The days of slow change are over. In fact, the market place is moving faster than most businesses can adapt. Globalization, deregulation, transparency, aging boomers, and new communications methods (web 2.0, social networking, and on-line communities are forcing businesses to adapt or perish.

Seth has two posts that get right to the idea of change or perish:

  1. The Threat of Pigeons and Other Fundamentalists "We don't expect a pigeon to wise up and change its behavior. But what about your boss?"
  2. On Whale Oil seth, "We're in the middle of the biggest shift(s) of the last century--whole industries are disappearing, worldviews are changing and the rules are being rewritten."

How can you achieve multiple objectives under these conditions?

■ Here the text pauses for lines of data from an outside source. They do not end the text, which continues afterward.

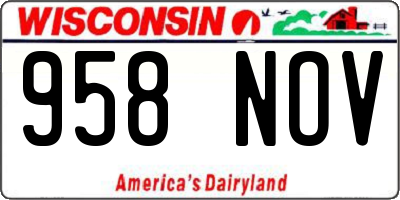 WI license plate 958NOV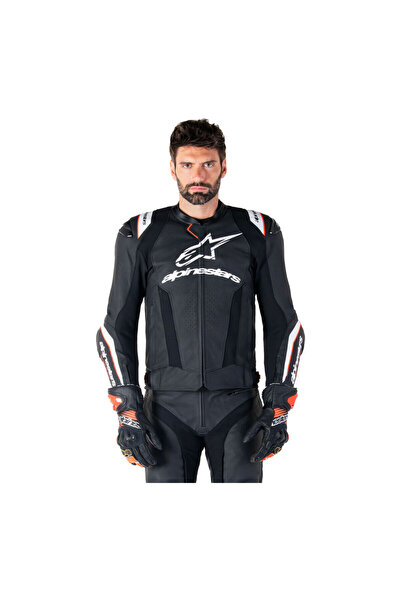 Alpinestars Missile V3 Ignition Deri Korumalı Motosiklet Montu Siyah Beyaz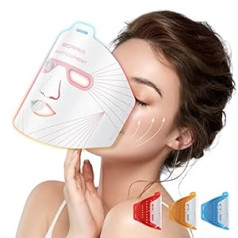 Iborria LED Face Mask with Red Light Therapy, LED Mask Light Therapy for Face and Skin, 3-Colour LED with Near Infrared Light, Care Device for All Skin Types, Home (White) for Anti-Ageing, Wrinkles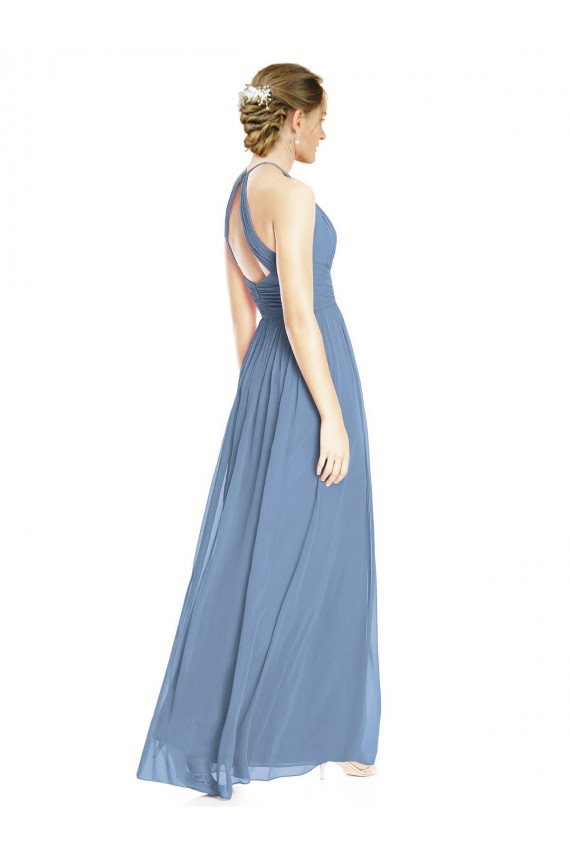 Sleeveless Halter Neck Chiffon Dusty Blue Long Wedding Party Dress Cardiff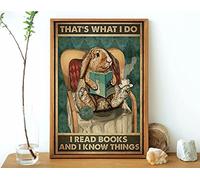 Snowsun Letrero de metal con texto en inglés "Rabbit That's What I Read Books", estilo vintage, para decoración de pared para el hogar, jardín, bar, sala de estar al aire libre, 8 x 12 pulgadas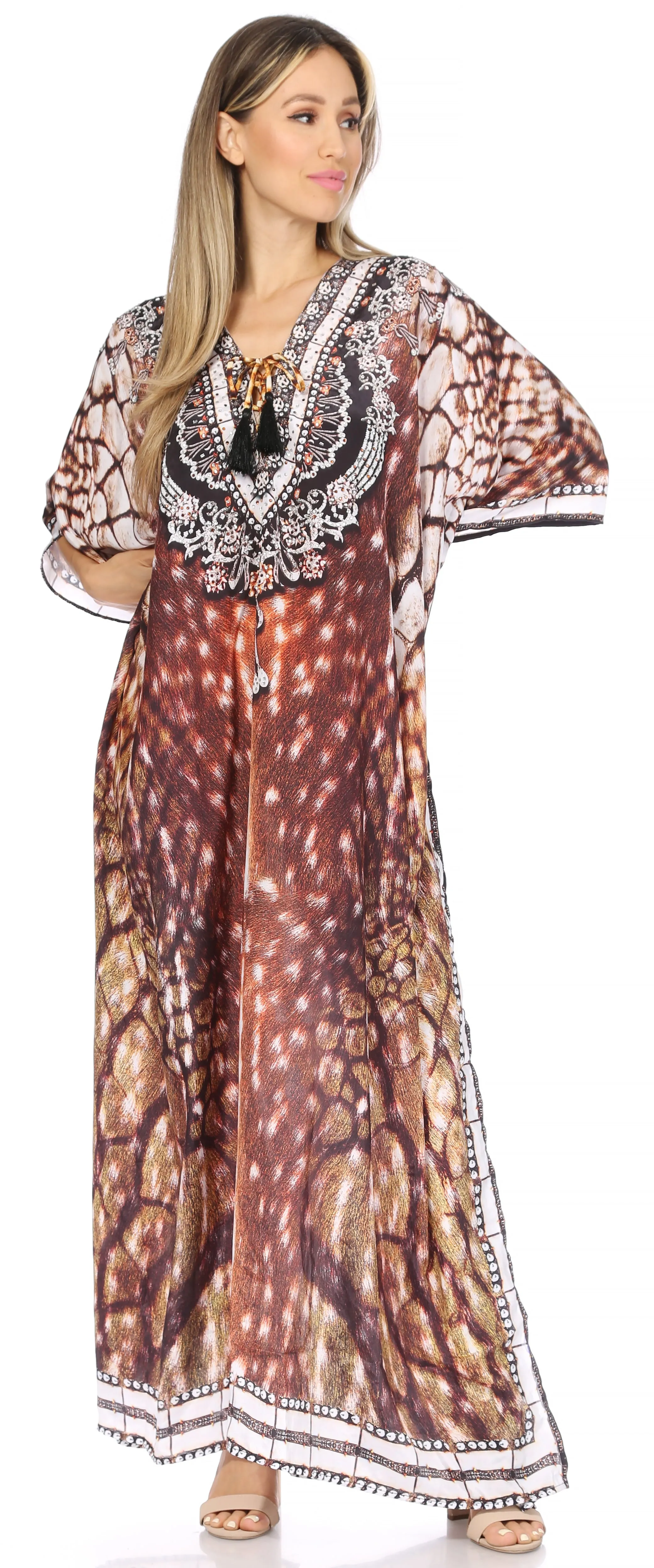 Sakkas Georgettina Flowy Rhinestone V Neck Long Caftan Dress/Cover Up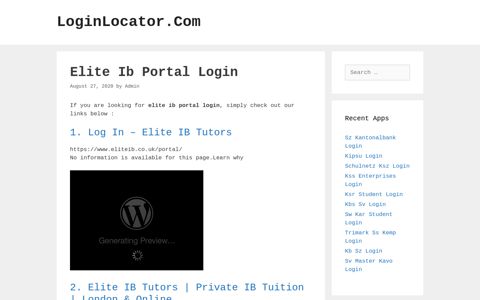 Elite Ib Portal Login - LoginLocator.Com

  • With  the paradoxical nature of some ideas, how do you explain them?
  • The lack of experimentation?
  • Poor dialogue, no confidence, lack of accountability, ego trips, hubris, arrogance, pettiness, apathy, poor risk asessment, finger pointing, inertia, and thinking in terms of me-me-me?
  • Fear, mistrust and intimidation? How do you achieve a sincere belief and trust in people?
  • Too little time and attention overshadowed by too much formation?
  • Groupthink - Too narrow view of ideas, questions, answers, solutions, and concepts?
  • What do you do about poorly utilized resources and not having the right mix of talent or competencies to get a job done?
  • What do you do when the consequences of not knowing what's available, both internally and externally leads to bad implementations, wasted resources, and missed opportunities?

Try not to confuse a bull market with brains!

Psychological research indicates that individuals are not ideal learners; they think and act in ways that reduce their ability to learn effectively. Many studies have documented that people draw conclusions too quickly, using unreliable evidence or unexamined assumptions.

For example, individuals often gather a biased collection of evidence to explain success or failure because their search favors evidence that makes them feel good about themselves. Research shows that individuals typically conclude that their successes resulted from stable, internal factors (such as their abilities), but that failures resulted from unstable, environmental factors (often called "bad luck").

What else are you seeing that has this many holes because of biases?

How easy is it for humans to miss things? In a study by Daniel Simons and Christopher Chabris at Harvard University, they asked subjects to count the number of times basketball players with white shirts pitched a ball back and forth in a video. More than half the subjects were so engrossed in the task that they failed to notice a black gorilla that walked into the center of the scene and beat its chest. The subjects may have been doing a good job of counting the basketball passes, but a gorilla was right in front of them and they didn't see it.

A gigantic learning and development environment is smart.

It has built-in work-flow that gives the user the ability to trigger events based on pre-defined actions. Basically, if an idea is presented as a solution to a problem, someone must review it and give authority to implement it within a certain period of time. Equally cool, since so many people in the company have eyes on the idea, self-serving biases are obvious, and thus, corrected. An enterprise blogging platform, social networking system, or community software application has everything you need to brainstorm, sketch, and develop ideas across the organization that will move people to action.

Ask 'WHY' five times.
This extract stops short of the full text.